Marketing to Digital Natives
Paul Berney, CMO of Mobile Marketing Association, argues that Digital Natives are not as young as we might think. He also considers a future where consumers will expect to do anything and everything from one device.Before his recent trials and tribulations, Rupert Murdoch was one of those business leaders whose public statements were often seized on as critical insights into media today and in the future. Some time ago he neatly divided the world into digital natives and digital immigrants and that classification is used by many in the mobile industry to explain not just the need to act, but also the way to differentiate consumers. Digital natives it is argued have never known a world without the internet, email and mobile phones; of instant connection and engagement and it colours everything they do.

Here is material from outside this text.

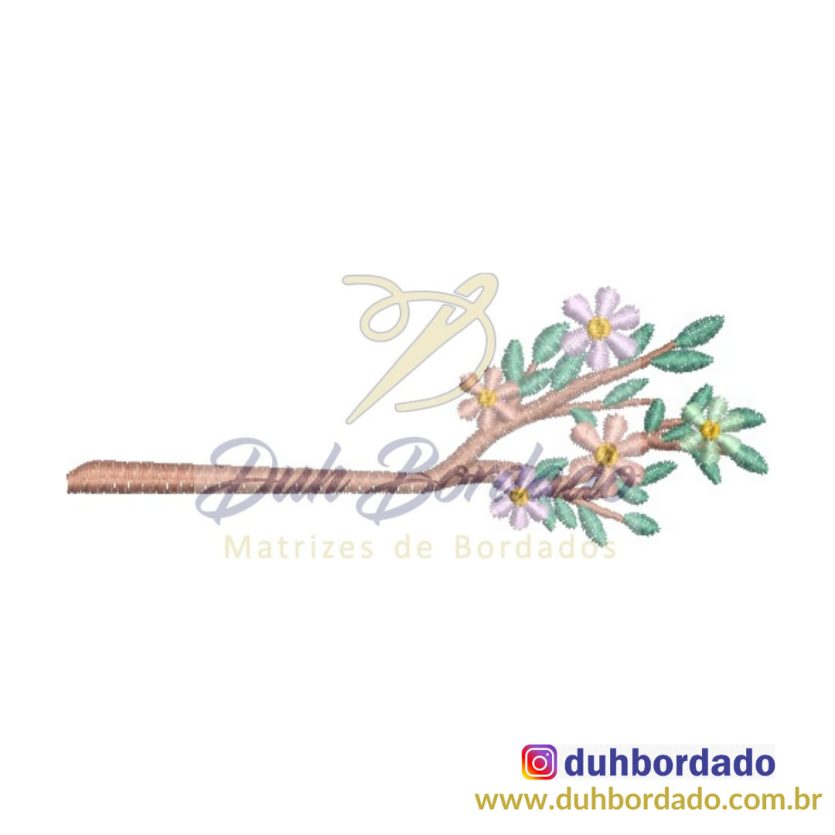 Matriz de Bordado Galho de Árvore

A frequent mistake though is to consider digital natives to be teenagers. In my experience it is everyone under 40 years old and there is plenty of research to back that up rather than rely on my anecdotal evidence. Last year Orange published a study (Exposure 2) showing the average mobile media user to be 38 years old. Google, Comscore and others will share more in-depth research around this at our Forum In London in October by the way.
The critical point with digital natives is expectation. Having grown up in a world of instant gratification and instant communication and engagement, they have increased expectations that they will be able to interact with every brand or organisation instantly. Failure to give them this will be a source of frustration and ultimately a reason not to chose a brand. In this case mobile is both the cause and enabler of an irrevocable change in consumer behaviour; this expectation will only be ratcheted up further and further by every single interaction a consumer has via the mobile channel.
I had a vision of the mobile consumers of the future when I saw a fantastic advert from Telstra in Australia in which a class of school children are asked to identify a mobile phone; one of them comes up with a long list of functions before mentioning the handset can be used a a telephone. It’s a funny advert but nonetheless shows a vision of the future where consumers expect to do anything and everything from one device. Figuring out what that means for your brand would be a good starting point for creating a strategy for mobile and its a much better starting point than thinking “we need an app”.